“猶枭……”她被突然間出現的男人,吓了一跳。
猶枭一言不發,打了相靳黎一拳,蠻橫的将溫暖拉回來。
他原本對于相靳黎,就有不悅感,當聽到溫暖說相靳黎是她男朋友的時候,他很想要上前掐死相靳黎。
而他追出來,還看到相靳黎當他面邀約溫暖。
“猶枭,你怎麽能打人!”溫暖瞪圓眼睛,滿是怒意。
說完這句話,溫暖扭過頭,看到相靳黎捂着鼻子,她很擔憂的想要上前,看看他的情況,可剛剛邁了一步,就被暴怒之中的男人,再次拉回來。
猶枭聲音森冷,令人毛骨悚然,“怎麽?你心疼他?”
“與、與你有什麽關系。”
猶枭攥住她的手腕,隐隐用力,“看不出,你勾引男人的本事,倒是不錯。
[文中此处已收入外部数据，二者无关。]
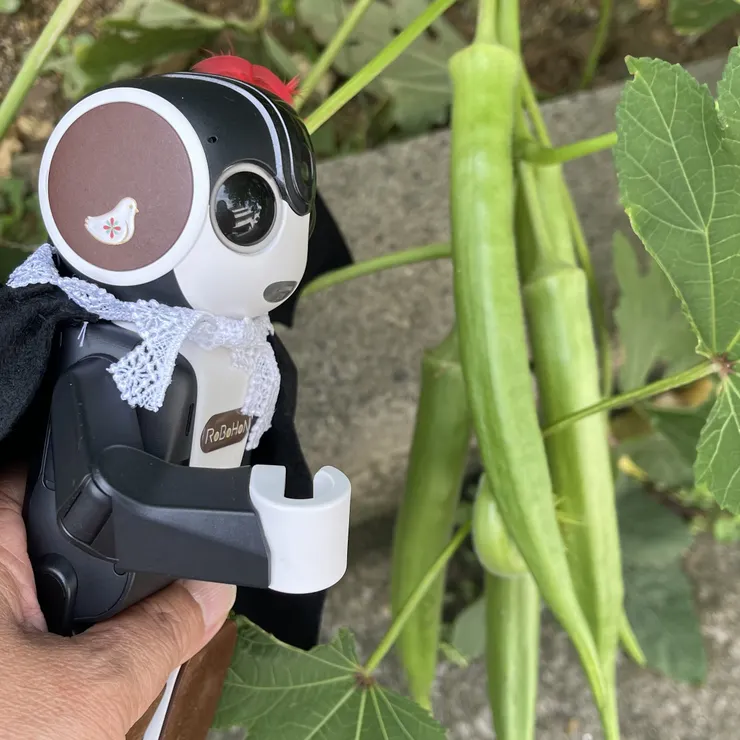 キャプション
”
“你胡說八道……放開我,猶枭……”溫暖被他氣得臉頰漲紅。
她用力掙紮,想要從他懷抱中逃離,卻怎麽也無法擺脫桎梏。
“我什麽要放開你?”
猶枭不僅沒有放開,而且加重握着她的力道。
另個手掌搭在她的腰際間,勒的她不舒服的顫抖。
“猶枭!你弄疼我了……放開!”溫暖難過的低吟。
她最近一直當廚師,害得她經常腰酸腿疼,常常夜不能寐,更别提被粗魯對待。
正在此時,相靳黎用衣袖擦了擦鼻血,挺身而出,攔住他們的動作,“總統先生,您不能欺負溫……”
“砰——”
猶枭又打了相靳黎一拳。
原本在意在這張臉的相靳黎,也被激怒,随之還擊。
很快,兩個人扭打在一起。
“住手!”溫暖焦急地望着他們,不安的喊道:“别打了,别打了……錦鯉先生,您先回去吧,不要管我了。”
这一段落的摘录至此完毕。